# [Exercise objective]
Reproduce, unchanged, the lines between the one holding "하고 있다. (사진제공=SK바이오팜)" and the last line of the records, including both ends, but no pictures.

# [Records shown]
__________________________________________________
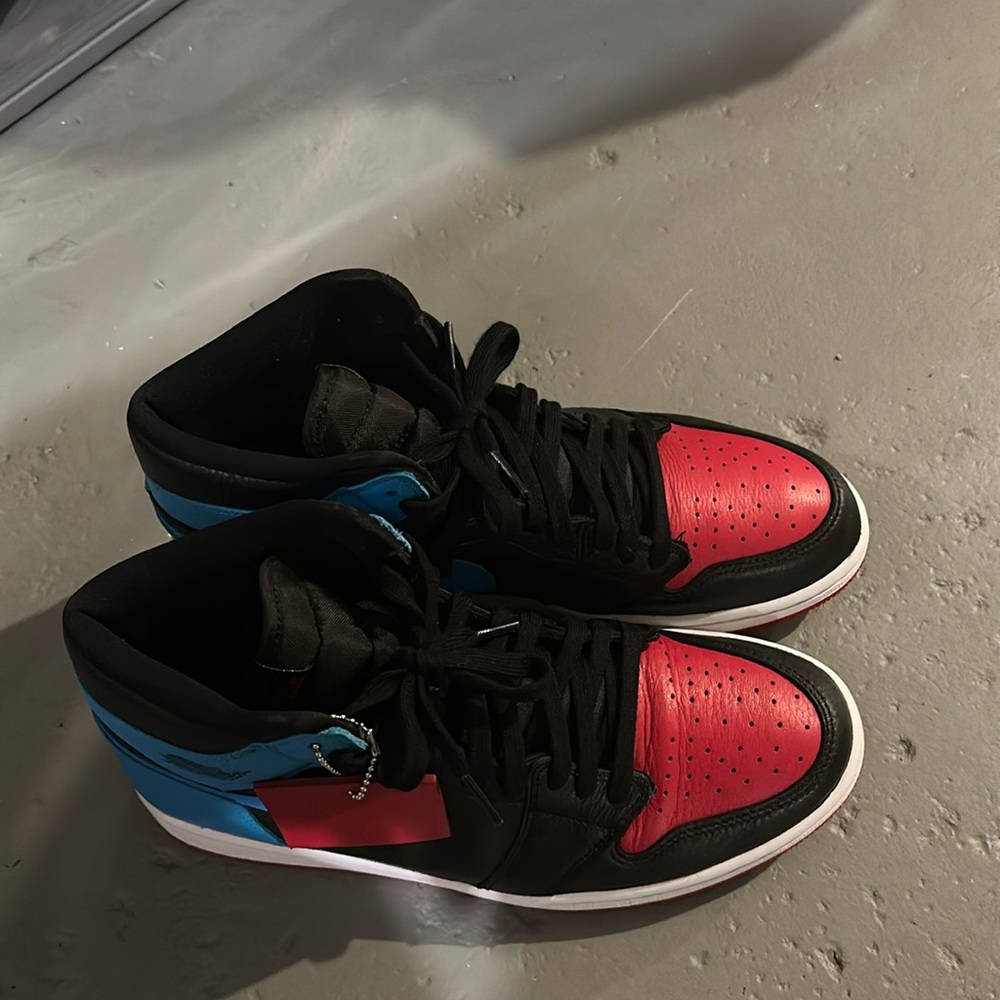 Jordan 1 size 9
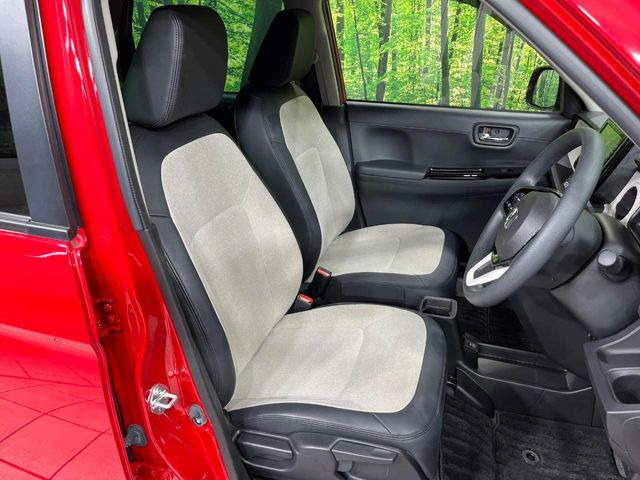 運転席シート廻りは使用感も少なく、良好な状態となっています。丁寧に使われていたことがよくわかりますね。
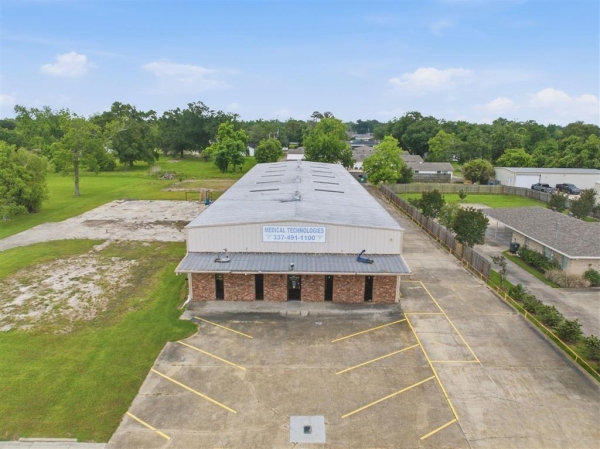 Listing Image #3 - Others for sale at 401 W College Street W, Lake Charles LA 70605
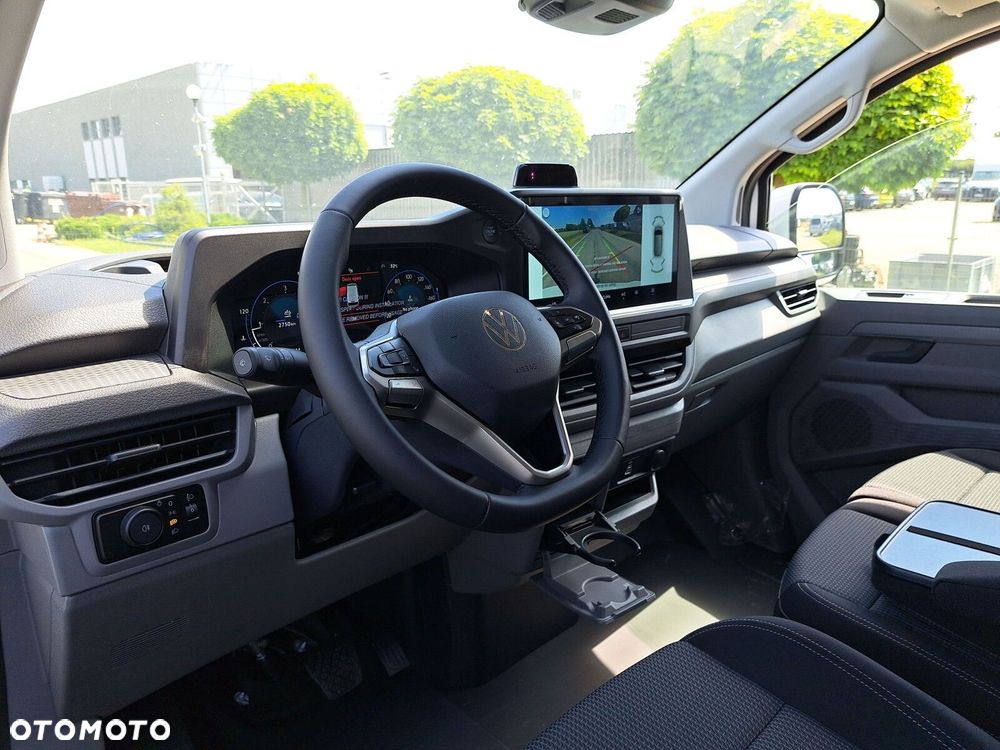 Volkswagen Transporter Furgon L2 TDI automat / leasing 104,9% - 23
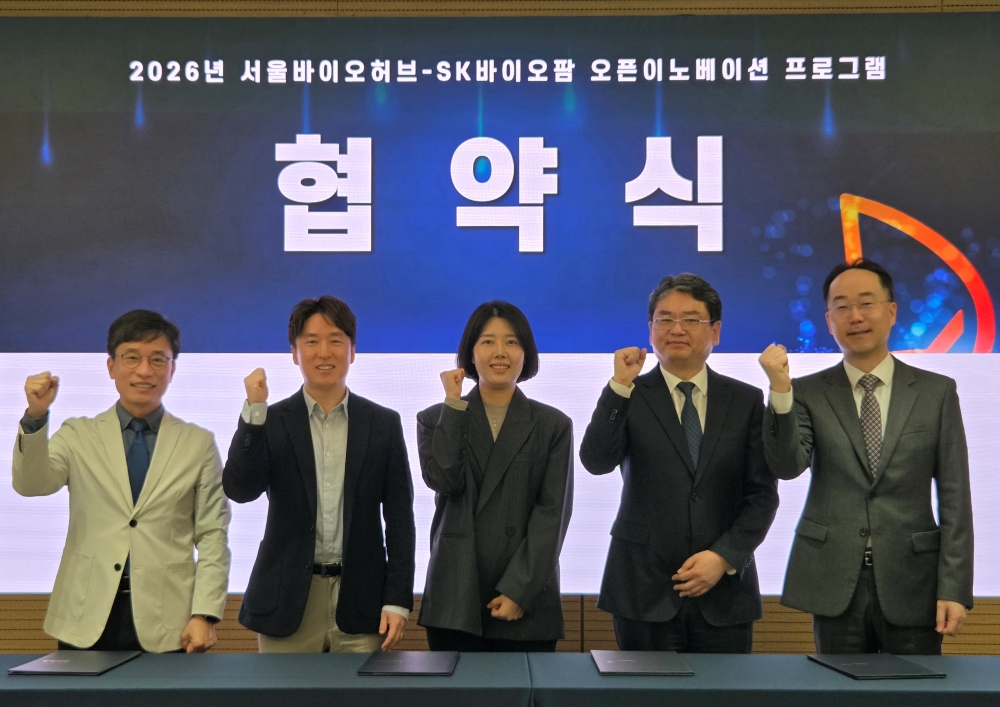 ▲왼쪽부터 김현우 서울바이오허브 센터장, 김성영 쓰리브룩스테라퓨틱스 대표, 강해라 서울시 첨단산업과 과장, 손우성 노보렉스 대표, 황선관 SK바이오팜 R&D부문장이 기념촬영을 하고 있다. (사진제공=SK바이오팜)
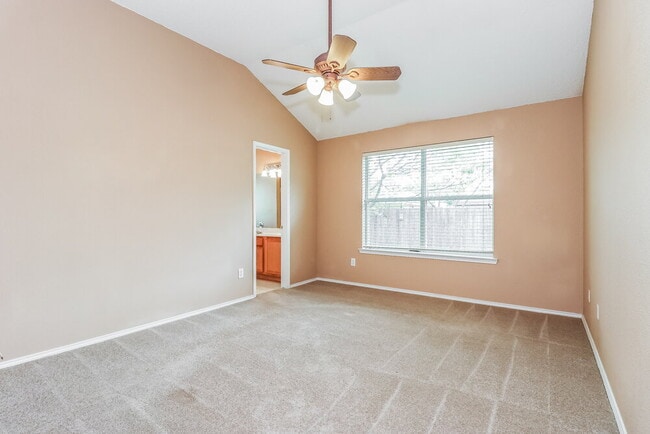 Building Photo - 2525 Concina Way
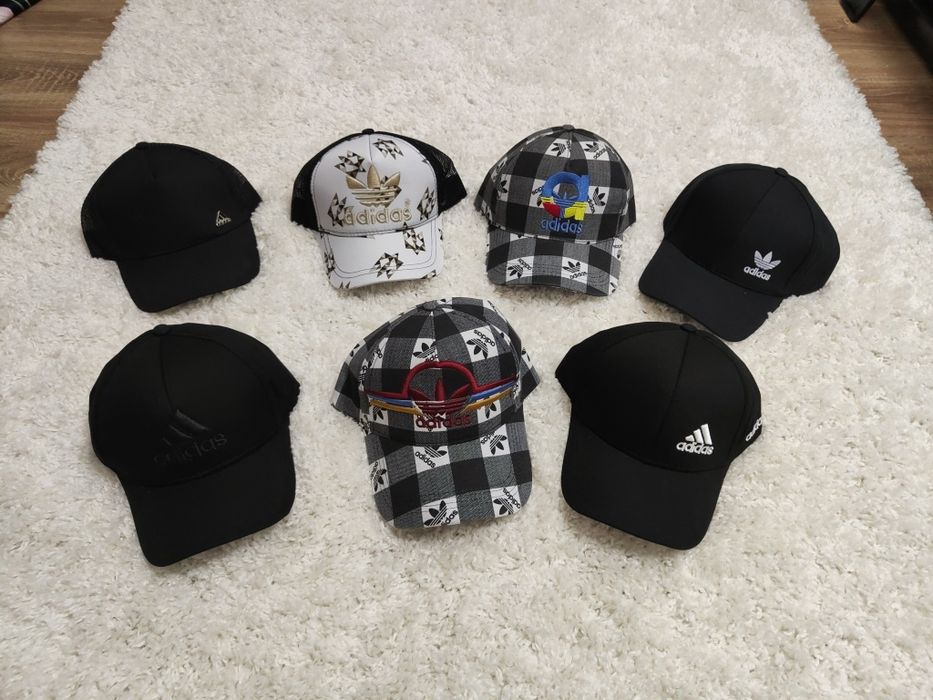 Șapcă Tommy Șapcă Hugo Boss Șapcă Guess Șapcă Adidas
__________________________________________________
# [Answer below]
 ▲왼쪽부터 김현우 서울바이오허브 센터장, 김성영 쓰리브룩스테라퓨틱스 대표, 강해라 서울시 첨단산업과 과장, 손우성 노보렉스 대표, 황선관 SK바이오팜 R&D부문장이 기념촬영을 하고 있다. (사진제공=SK바이오팜)
 Building Photo - 2525 Concina Way
 Șapcă Tommy Șapcă Hugo Boss Șapcă Guess Șapcă Adidas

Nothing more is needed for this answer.